Table 4 illustrates the distribution of physical satisfaction with intimate relationships in our study population (n = 1,930) by diabetes profile. Large proportions of all four groups described their relationships as “extremely satisfying” (42.1% for diabetes only, 34.2% for diabetes and other conditions, 31.6% for other conditions only, and 27.4% for no chronic conditions) or “very satisfying” (42.1% for diabetes only, 39.4% for diabetes and other conditions, 39.7% for other conditions only, and 46.4% for no chronic conditions) physically. Overall, people with diabetes (34.6% “extremely satisfying” and 39.5% “very satisfying” in aggregate group) did not report high levels of physical satisfaction substantially more than their peers without diabetes (31.0% “extremely satisfying” and 40.8% “very satisfying” in aggregate group).
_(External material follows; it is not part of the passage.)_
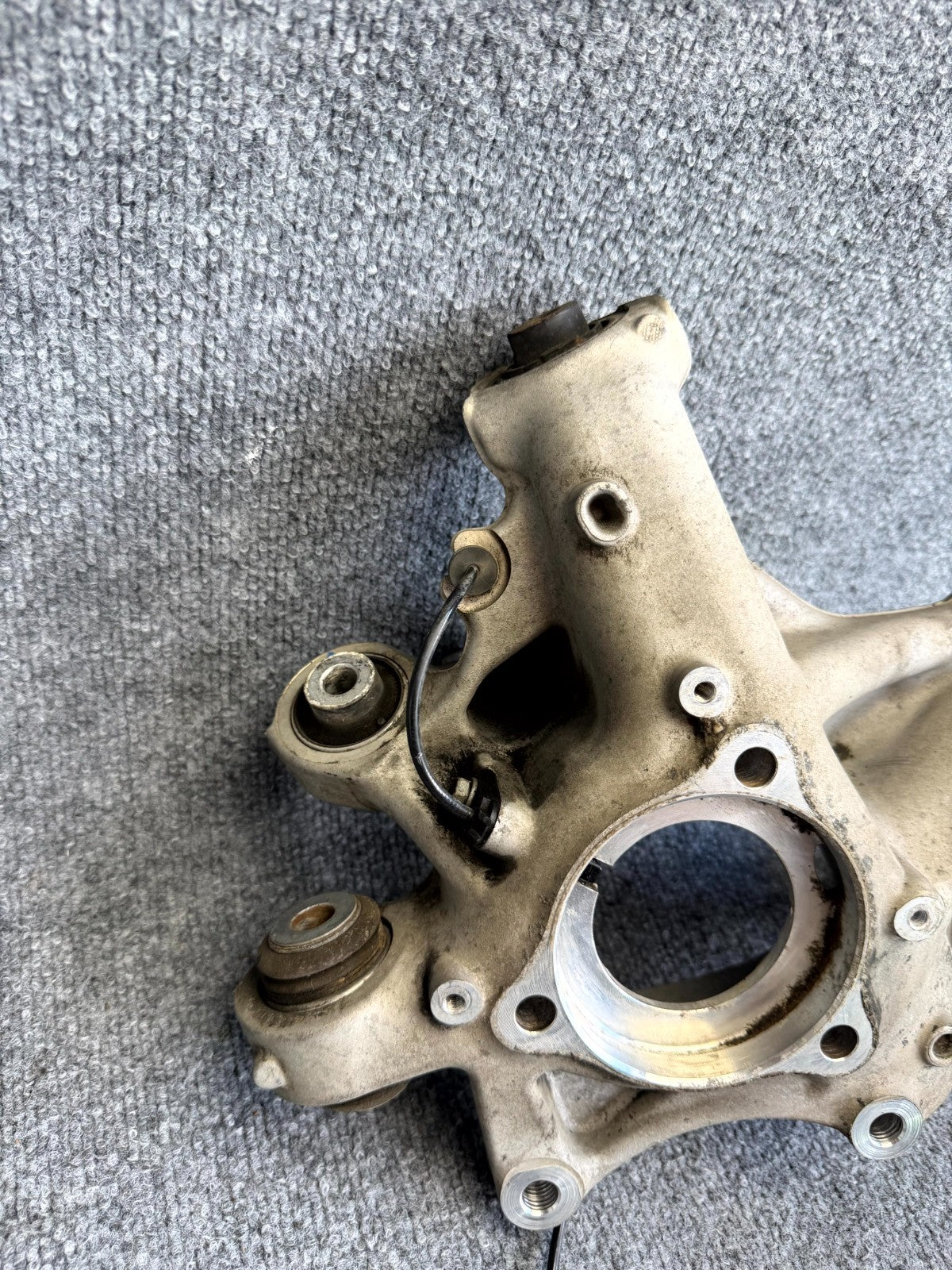 2017 – 2023 TESLA MODEL 3 REAR RIGHT SIDE SPINDLE KNUCKLE OEM, 1044416-00-F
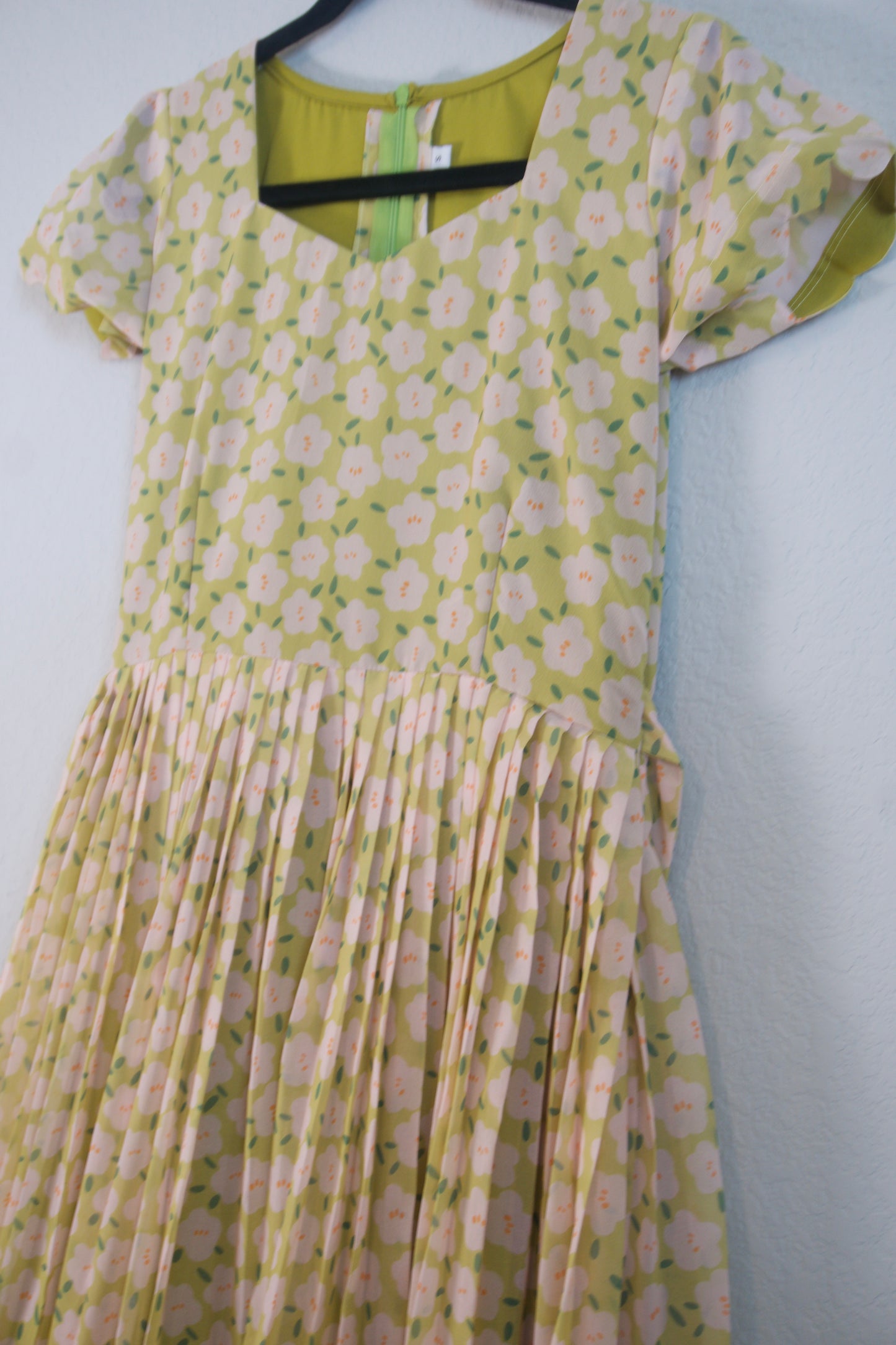 Mehendi Green Floral Georgette Scallop flare frock with short scallop sleeves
Rates of lower levels of physical satisfaction with intimate relationships were also quite similar across the different diabetes profiles, and between aggregated groups of people with and without diabetes.

Table 5 illustrates the distribution of emotional satisfaction with intimate relationships in our study population (n = 1,930) by diabetes profile. Large proportions of all four groups described their relationships as “extremely satisfying” (31.6% for diabetes only, 36.9% for diabetes and other conditions, 33.0% for other conditions only, and 27.4% for no chronic conditions) or “very satisfying” (57.9% for diabetes only, 39.1% for diabetes and other conditions, 40.2% for other conditions only, and 48.4% for no chronic conditions) emotionally. Overall, people with diabetes (36.7% “extremely satisfying” and 40.0% “very satisfying” in aggregate group) did not report high levels of emotional satisfaction substantially more than their peers without diabetes (32.1% “extremely satisfying” and 41.5% “very satisfying” in aggregate group). Rates of lower levels of emotional satisfaction with intimate relationships were also quite similar across the different diabetes profiles, and between aggregated groups of people with and without diabetes.

Research Question 3: What role might intersectional sociodemographic characteristics play in these patterns?

Table 6a illustrates differences in relationship satisfaction among people with diabetes (n = 390) by sex identity. We observed modest differences between males and females for the overall happiness measure, but striking differences between sex groups for both the physical and emotional satisfaction measures. The majority of both males (60.5% “very happy” and 20.9% “mostly happy” for group) and females (57.6% “very happy” and 16.7% “mostly happy” for group) were highly satisfied with their relationships overall. However, the proportions of males (39.1% “extremely satisfying” and 40.7% “very satisfying” for group) reporting high levels of physical satisfaction were substantially higher than the proportions of females (25.8% “extremely satisfying” and 37.1% “very satisfying” for group) within each response category. The proportions of males (41.1% “extremely satisfying” and 41.9% “very satisfying” for group) reporting high levels of emotional satisfaction were also substantially higher than the proportions of females (28.0% “extremely satisfying” and 36.4% “very satisfying” for group) reporting the same within each response category. Overall, somewhat more males with diabetes (81.4% of group) than females with diabetes (74.3% of group) reported high levels of happiness in their relationships. Substantially more males with diabetes (79.8% of group) than females with diabetes (62.9% of group) reported high levels of physical satisfaction. Likewise, substantially more males with diabetes (83.0% of group) than females with diabetes (64.4% of group) reported high levels of emotional satisfaction.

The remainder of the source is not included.